How to Safely Get Rid of Big Stuff





Maybe you’re getting ready to downsize, or maybe you’ve been bitten by a minimalist bug. Whatever the motivation, it’s never a bad idea to streamline and get rid of the unnecessary stuff that’s cluttering up your life and home.

Unfortunately, we often tend to hold onto certain things - especially big things - because we just don’t know how to get rid of them without adding to the ever-growing masses of landfill. Here are some solutions for safely and sustainably removing large items that are no longer needed in your home:

Furniture. First, check with family and friends to make sure the furniture you no longer want can’t be repurposed in the home of someone who’s just starting out. Next, hit up the internet and check out local online tag sales or Facebook marketplace. You could also try putting it on the curb with a free sign, or calling your local thrift shop, which might be willing to come pick it up for free. With a little sanding, repainting or reupholstering, the furniture you no longer want could be someone else’s treasure.

Electronics. If you’re holding onto old TVs, computers, cell phones, DVD players and the like, it’s time to have them stop collecting dust in your home. The first thing to do is make sure all personal information is removed from computers and phones. Next, remove any rechargeable batteries that must be recycled separately. If you’re upgrading your electronics, ask if the manufacturer or retailer you’re buying from offers a trade-in deal. Amazon has a mail-in option that offers gift cards in exchange for cell phones, e-readers, tablets and Bluetooth speakers. Otherwise, research retailer, electronic recycling programs, such as Best Buy’s. You can also check with your municipality to see if it hosts events to help residents get rid of old electronics responsibly. If your electronics are less than five years old, are still functional and don’t require any major replacement parts, there are a variety of community organizations that might be happy to accept them as well.

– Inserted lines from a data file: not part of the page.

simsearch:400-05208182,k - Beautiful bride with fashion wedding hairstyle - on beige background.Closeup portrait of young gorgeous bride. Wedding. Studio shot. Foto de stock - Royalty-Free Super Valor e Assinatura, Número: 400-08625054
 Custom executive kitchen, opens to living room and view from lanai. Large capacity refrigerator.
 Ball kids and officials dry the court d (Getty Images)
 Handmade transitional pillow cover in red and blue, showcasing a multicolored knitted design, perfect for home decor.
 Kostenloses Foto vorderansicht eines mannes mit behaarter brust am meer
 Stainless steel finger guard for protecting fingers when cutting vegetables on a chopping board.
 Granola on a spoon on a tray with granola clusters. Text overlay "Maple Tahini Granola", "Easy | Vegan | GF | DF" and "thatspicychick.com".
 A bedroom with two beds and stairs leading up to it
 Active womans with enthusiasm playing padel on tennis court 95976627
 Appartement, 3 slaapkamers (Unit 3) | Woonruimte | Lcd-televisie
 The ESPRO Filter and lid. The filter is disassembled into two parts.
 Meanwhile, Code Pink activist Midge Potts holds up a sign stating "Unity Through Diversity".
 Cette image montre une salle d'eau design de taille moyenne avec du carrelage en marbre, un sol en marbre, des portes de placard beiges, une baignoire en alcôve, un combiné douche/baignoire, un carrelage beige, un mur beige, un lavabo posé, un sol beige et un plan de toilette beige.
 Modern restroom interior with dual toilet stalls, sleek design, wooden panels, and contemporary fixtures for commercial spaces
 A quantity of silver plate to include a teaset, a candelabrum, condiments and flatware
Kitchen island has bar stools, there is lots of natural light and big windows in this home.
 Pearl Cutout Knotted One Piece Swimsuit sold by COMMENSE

Appliances. If you’ve got appliances that you’re no longer using, chances are high that a young family member setting up their first apartment will be happy to take them off your hands, so ask around. If not, check with your city or town to see if they have an appliance recycling program - they may even offer free pick-up. You can also try to sell your old clunkers online through Facebook Marketplace or Craigslist. Bear in mind, non-working appliances have potential, too, as they can be stripped for valuable parts. Or, if your older appliance is still working and you just want it out of your home, see if it can be of use at your local non-profit, senior center or veteran’s club.

These ideas will free up space in your home, solve a problem for someone else and keep Mother Nature happy at the same time.